What you need to do
Copy the records below verbatim, from the first line through the line containing "Piston icon vector Stock Illustration", inclusive, and output nothing else.

Top of Data listing

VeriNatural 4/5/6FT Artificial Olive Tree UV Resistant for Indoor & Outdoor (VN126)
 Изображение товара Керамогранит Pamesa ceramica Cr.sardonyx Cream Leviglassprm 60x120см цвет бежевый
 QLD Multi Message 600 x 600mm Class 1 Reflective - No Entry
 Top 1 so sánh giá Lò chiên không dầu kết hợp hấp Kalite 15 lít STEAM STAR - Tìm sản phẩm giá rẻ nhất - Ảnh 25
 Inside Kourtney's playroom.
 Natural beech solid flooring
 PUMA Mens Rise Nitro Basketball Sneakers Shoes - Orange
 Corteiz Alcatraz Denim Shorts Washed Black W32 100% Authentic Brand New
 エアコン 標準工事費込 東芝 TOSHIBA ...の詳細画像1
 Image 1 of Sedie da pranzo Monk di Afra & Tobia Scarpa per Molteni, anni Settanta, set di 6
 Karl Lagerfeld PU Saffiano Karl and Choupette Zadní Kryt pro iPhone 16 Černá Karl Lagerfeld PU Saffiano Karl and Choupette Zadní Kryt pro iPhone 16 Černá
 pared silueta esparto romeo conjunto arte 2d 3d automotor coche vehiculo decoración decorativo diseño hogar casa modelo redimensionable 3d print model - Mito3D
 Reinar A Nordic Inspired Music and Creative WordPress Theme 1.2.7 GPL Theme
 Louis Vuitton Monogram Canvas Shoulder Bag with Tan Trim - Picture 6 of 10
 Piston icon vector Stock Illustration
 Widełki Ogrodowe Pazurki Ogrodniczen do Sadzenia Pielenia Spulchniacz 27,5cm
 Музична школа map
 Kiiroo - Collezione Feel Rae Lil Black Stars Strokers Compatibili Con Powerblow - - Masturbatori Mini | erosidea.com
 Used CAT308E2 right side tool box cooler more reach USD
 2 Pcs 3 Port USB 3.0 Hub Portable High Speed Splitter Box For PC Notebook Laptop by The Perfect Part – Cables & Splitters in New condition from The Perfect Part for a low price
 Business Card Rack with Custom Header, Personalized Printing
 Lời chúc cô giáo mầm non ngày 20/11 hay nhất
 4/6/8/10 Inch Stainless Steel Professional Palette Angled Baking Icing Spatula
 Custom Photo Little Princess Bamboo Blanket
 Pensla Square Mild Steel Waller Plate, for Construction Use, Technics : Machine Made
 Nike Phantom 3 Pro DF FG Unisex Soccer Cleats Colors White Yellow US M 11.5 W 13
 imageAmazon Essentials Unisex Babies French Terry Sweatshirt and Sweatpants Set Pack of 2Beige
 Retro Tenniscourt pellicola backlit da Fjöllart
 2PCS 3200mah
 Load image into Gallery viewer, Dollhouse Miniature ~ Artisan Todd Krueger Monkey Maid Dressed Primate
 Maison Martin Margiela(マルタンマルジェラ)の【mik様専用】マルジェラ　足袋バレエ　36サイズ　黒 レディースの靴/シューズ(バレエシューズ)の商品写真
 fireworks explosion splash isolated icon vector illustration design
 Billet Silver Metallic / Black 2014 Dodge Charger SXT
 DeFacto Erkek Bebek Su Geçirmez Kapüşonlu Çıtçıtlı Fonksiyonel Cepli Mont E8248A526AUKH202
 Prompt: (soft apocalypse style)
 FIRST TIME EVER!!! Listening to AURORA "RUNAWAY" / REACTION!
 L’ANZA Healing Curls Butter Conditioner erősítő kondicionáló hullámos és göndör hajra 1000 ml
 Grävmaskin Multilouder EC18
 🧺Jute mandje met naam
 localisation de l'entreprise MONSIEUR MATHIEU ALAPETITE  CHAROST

Bottom of Data listing

Response to the exercise
VeriNatural 4/5/6FT Artificial Olive Tree UV Resistant for Indoor & Outdoor (VN126)
 Изображение товара Керамогранит Pamesa ceramica Cr.sardonyx Cream Leviglassprm 60x120см цвет бежевый
 QLD Multi Message 600 x 600mm Class 1 Reflective - No Entry
 Top 1 so sánh giá Lò chiên không dầu kết hợp hấp Kalite 15 lít STEAM STAR - Tìm sản phẩm giá rẻ nhất - Ảnh 25
 Inside Kourtney's playroom.
 Natural beech solid flooring
 PUMA Mens Rise Nitro Basketball Sneakers Shoes - Orange
 Corteiz Alcatraz Denim Shorts Washed Black W32 100% Authentic Brand New
 エアコン 標準工事費込 東芝 TOSHIBA ...の詳細画像1
 Image 1 of Sedie da pranzo Monk di Afra & Tobia Scarpa per Molteni, anni Settanta, set di 6
 Karl Lagerfeld PU Saffiano Karl and Choupette Zadní Kryt pro iPhone 16 Černá Karl Lagerfeld PU Saffiano Karl and Choupette Zadní Kryt pro iPhone 16 Černá
 pared silueta esparto romeo conjunto arte 2d 3d automotor coche vehiculo decoración decorativo diseño hogar casa modelo redimensionable 3d print model - Mito3D
 Reinar A Nordic Inspired Music and Creative WordPress Theme 1.2.7 GPL Theme
 Louis Vuitton Monogram Canvas Shoulder Bag with Tan Trim - Picture 6 of 10
 Piston icon vector Stock Illustration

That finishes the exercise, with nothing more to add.